Na ankietę opublikowaną przez Puls Biznesu odpowiadają politycy PiSu, PO, LPR, Samoobrony i SLD.

1. Czy należy otworzyć rynek pracy na kraje spoza UE?

2. Jak pan ocenia obecną politykę migracyjną Polski?

3. Co zrobić, by bezrobocie zbliżyło się do średniego poziomu w UE, czyli około 8 proc.?

Artur Zawisza, PiS

1. Tak, ale z pewnymi ograniczeniami. Po negocjacjach z zainteresowanymi krajami należy określić kontyngenty. Powinniśmy też preferować kraje słowiańskie, ze względu na komunikację kulturową i w perspektywie łatwiejszą integrację społeczną. Dzięki temu unikniemy problemów, jakie mają np. Niemcy z Turkami.

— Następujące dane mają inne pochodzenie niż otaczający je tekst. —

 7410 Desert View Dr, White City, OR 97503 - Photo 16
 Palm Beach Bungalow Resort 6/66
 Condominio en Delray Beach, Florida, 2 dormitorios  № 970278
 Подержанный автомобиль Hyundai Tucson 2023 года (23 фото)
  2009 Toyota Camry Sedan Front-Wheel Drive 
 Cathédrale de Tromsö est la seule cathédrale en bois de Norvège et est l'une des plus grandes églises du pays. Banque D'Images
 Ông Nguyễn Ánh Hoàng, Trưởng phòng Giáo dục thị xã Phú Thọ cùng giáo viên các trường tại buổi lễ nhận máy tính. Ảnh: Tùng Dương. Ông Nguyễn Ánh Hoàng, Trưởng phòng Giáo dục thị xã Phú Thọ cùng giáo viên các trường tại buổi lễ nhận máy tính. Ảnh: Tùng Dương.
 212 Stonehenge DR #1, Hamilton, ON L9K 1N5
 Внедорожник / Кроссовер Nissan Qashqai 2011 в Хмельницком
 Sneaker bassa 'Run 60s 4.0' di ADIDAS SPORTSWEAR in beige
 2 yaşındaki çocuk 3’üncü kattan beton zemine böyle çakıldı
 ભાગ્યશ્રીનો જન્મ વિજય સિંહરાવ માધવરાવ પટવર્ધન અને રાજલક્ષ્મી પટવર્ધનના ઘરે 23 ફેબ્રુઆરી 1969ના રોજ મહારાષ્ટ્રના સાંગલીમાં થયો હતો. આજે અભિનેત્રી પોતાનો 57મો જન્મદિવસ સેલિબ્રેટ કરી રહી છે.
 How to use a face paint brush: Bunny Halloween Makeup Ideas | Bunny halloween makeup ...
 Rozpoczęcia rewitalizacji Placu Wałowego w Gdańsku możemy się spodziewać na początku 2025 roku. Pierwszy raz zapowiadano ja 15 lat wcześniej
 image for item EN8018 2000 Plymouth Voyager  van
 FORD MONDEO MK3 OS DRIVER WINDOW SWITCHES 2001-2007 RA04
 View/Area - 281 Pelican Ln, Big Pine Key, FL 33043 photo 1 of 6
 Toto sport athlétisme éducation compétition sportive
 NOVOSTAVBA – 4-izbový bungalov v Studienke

2. Ona nie ma konkretnego wymiaru. Do tej pory problemu tego nie traktowano zbyt poważnie, choćby dlatego, że pojawił się niedawno. Kontrolowane otwarcie rynku pracy byłoby skonkretyzowaniem tej polityki. Teraz nadszedł na to odpowiedni czas i takie działania są potrzebne.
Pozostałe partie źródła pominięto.